= EXERCISE DETAILS =
Word for word, copy out every line of the records, omitting each picture.

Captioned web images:
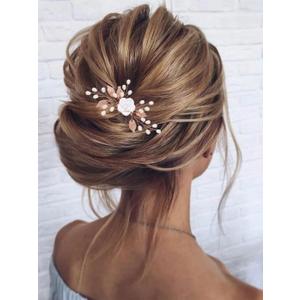 Gorais Flower Bride Wedding Hair Comb Pearl Bridal Hair Pieces Leaf Hair Accessories for Women and Girls (c-rose gold)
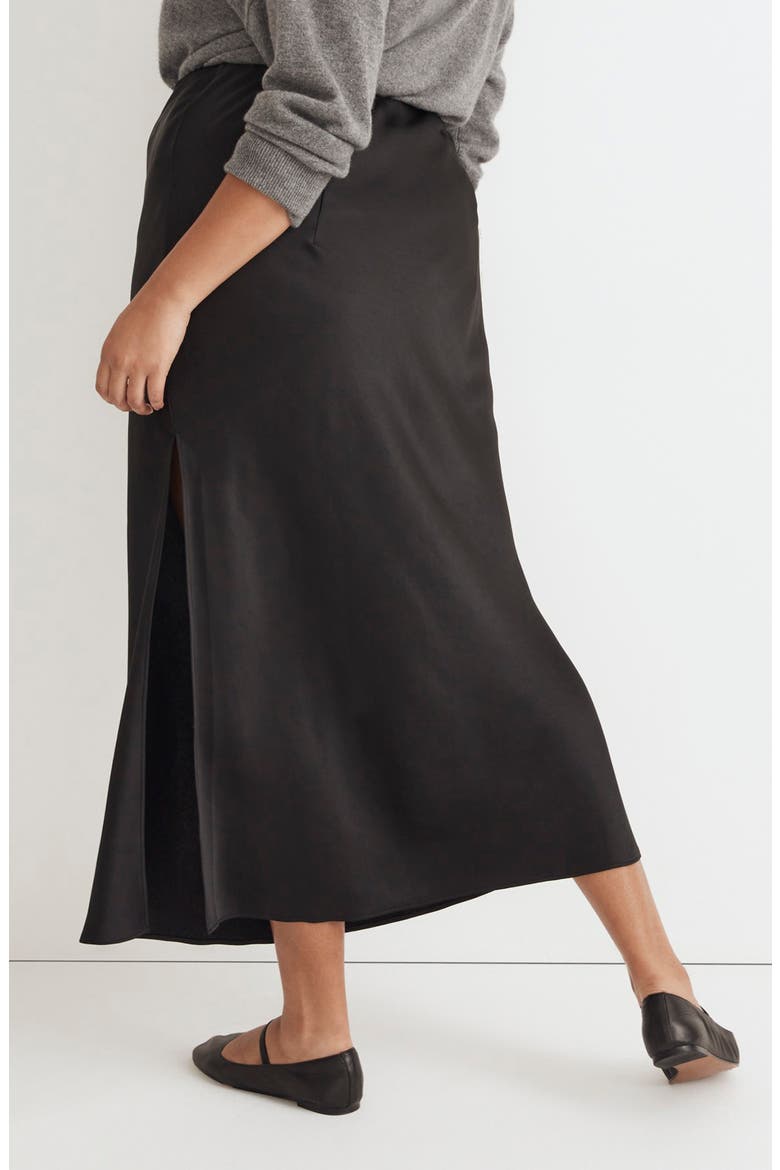 Satin Slip Skirt, Alternate, color, TRUE BLACK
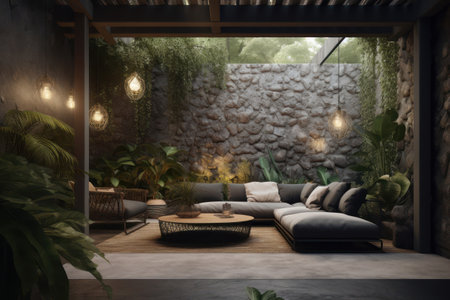 Modern outdoor living room with greenery, plants and luxury furniture. interior concept. Generative AIの素材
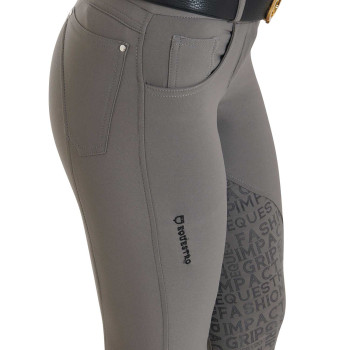 PANTALON FEMME EN TISSU TECHNIQUE AVEC GRIP AU GENOU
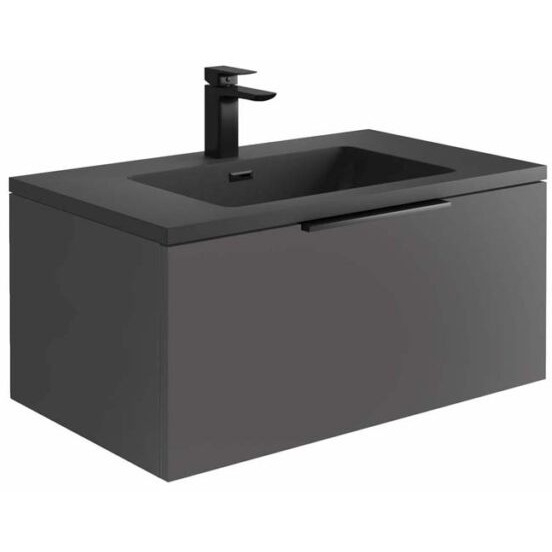 Scudo Ambience 800mm Matt Grey LED Wall Hung Vanity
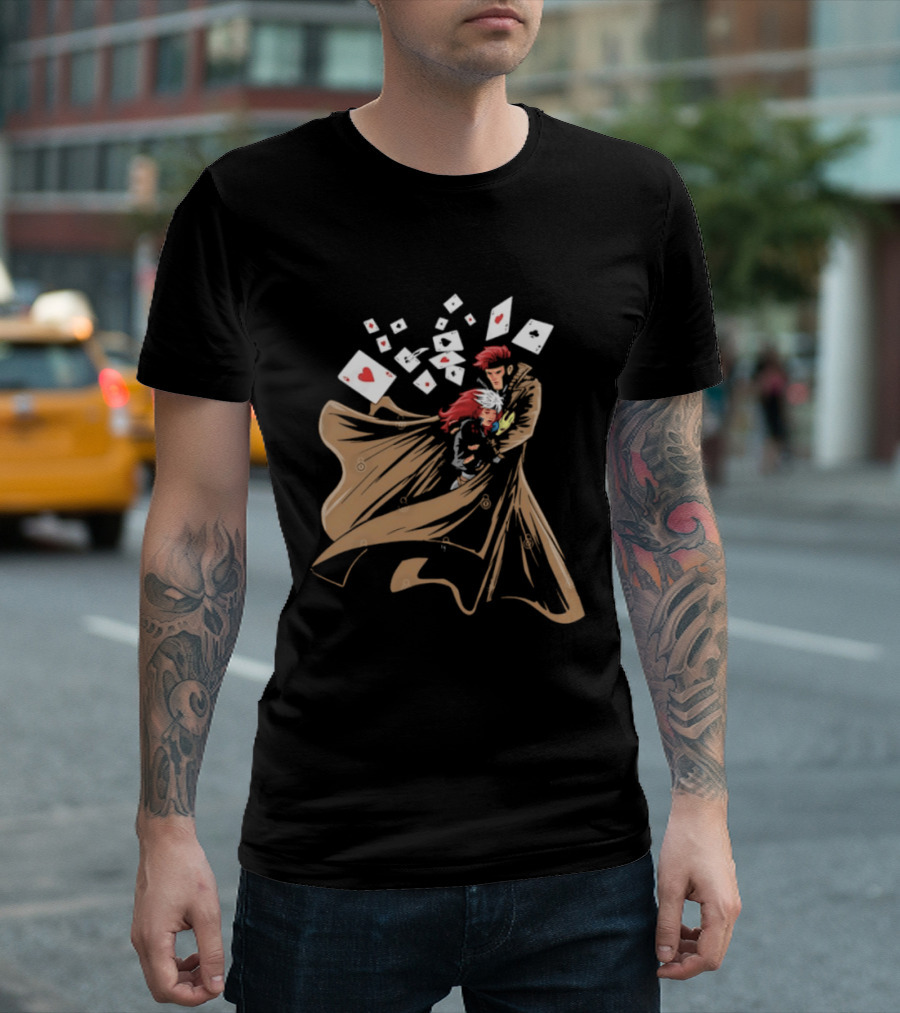 Mutant Love Rogue And Gambit Playing Cards Embrace T-Shirt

= SOLUTION BELOW =
 Gorais Flower Bride Wedding Hair Comb Pearl Bridal Hair Pieces Leaf Hair Accessories for Women and Girls (c-rose gold)
 Satin Slip Skirt, Alternate, color, TRUE BLACK
 Modern outdoor living room with greenery, plants and luxury furniture. interior concept. Generative AIの素材
 PANTALON FEMME EN TISSU TECHNIQUE AVEC GRIP AU GENOU
 Scudo Ambience 800mm Matt Grey LED Wall Hung Vanity
 Mutant Love Rogue And Gambit Playing Cards Embrace T-Shirt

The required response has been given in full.